Chen is a highly experienced composer who has worked on projects like ‘Una Vida, Una Cena’ (‘One Life, One Dinner’) for Amazon Prime Video and several solo albums that focus on wellness and focus.
Below you’ll find our full interview with Chen. We hope you learn something new about what it’s like to be a career composer.
Before attending Berklee, had you known for a long time that you wanted to be a film score composer?
Chen: I didn’t know there was a career as a “film composer” until I decided to pursue my music dream, which was one year before I attended Berklee. But I had known for a long time that I was deeply attracted to music, especially film music, in particular from Studio Ghibli, Disney, and DreamWorks movies. My older brother and I would collect CDs from those movies and listen to them again and again. Since I learned piano when I was little, I would also transcribe the melodies and harmonies from soundtracks and try to play them on piano.
Some of my favorites animated movies are from Studio Ghibli by the director Hayao Miyazaki, such as “Castle in The Sky”, “Porco Rosso”, and “Princess Mononoke”. Through watching these movies, I also came to love their music and started to learn that they were all composed by the same composer, Joe Hisaishi, who is one of the composers that I respect and admire a lot. I was inspired by that music, and sometimes I would think how wonderful it would be if I could write inspiring music just like Joe Hisaishi.

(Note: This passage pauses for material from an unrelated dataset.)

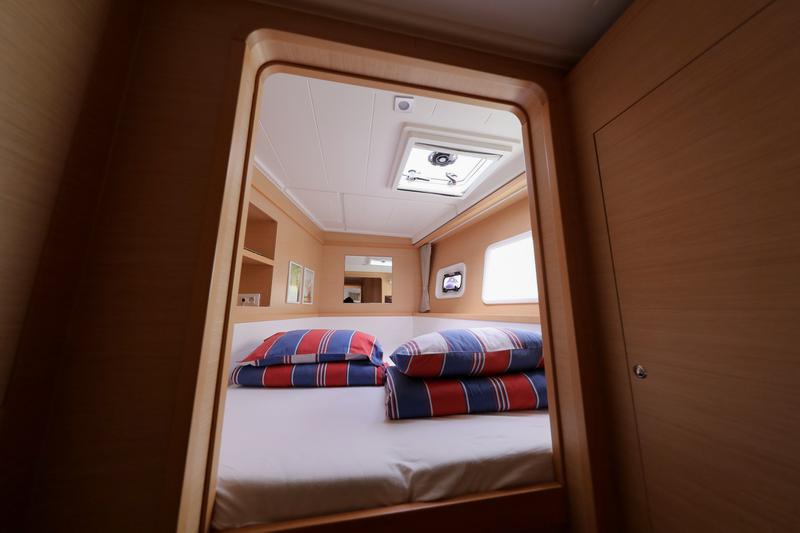 Book yachts online - catamaran - Lagoon 39 - WHITE PEARL - rent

During my sophomore year of university in Taiwan, at a public lecture, I learned there’s a way to compose music using computer software. From that point on, the idea of becoming a composer seemed possible. I registered for the course and tried to make some music.

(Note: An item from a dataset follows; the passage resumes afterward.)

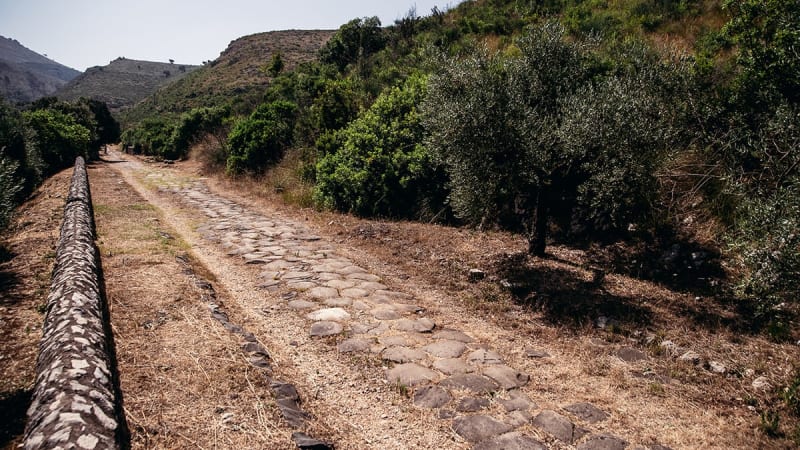 Drones Reveal Lost Roman City Along Historic Appian Way - Image 5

Rather than wanting to be a film composer specifically, I think I just wanted to write inspiring music, regardless of where it would end up.
What has surprised you the most about working as a professional composer?
Chen: The need for strict time management and an open mind.
It’s normal that projects come together at once, and sometimes nothing comes in for months. This is something I’m still trying to adjust to.
When I’m overwhelmed by projects, I know it’s a good time for me to learn how to negotiate with clients, collaborate with others, find help, and take care of both physical and mental health.
When I don’t have a project to work on, it’s a great time to learn something new about my craft or meet new professional contacts.
For me, the most important thing is to stay calm, no matter what the situation is. If I know when I need to do and how much time I have to complete those tasks, I feel comfortable.
What about your music stands out from the competition?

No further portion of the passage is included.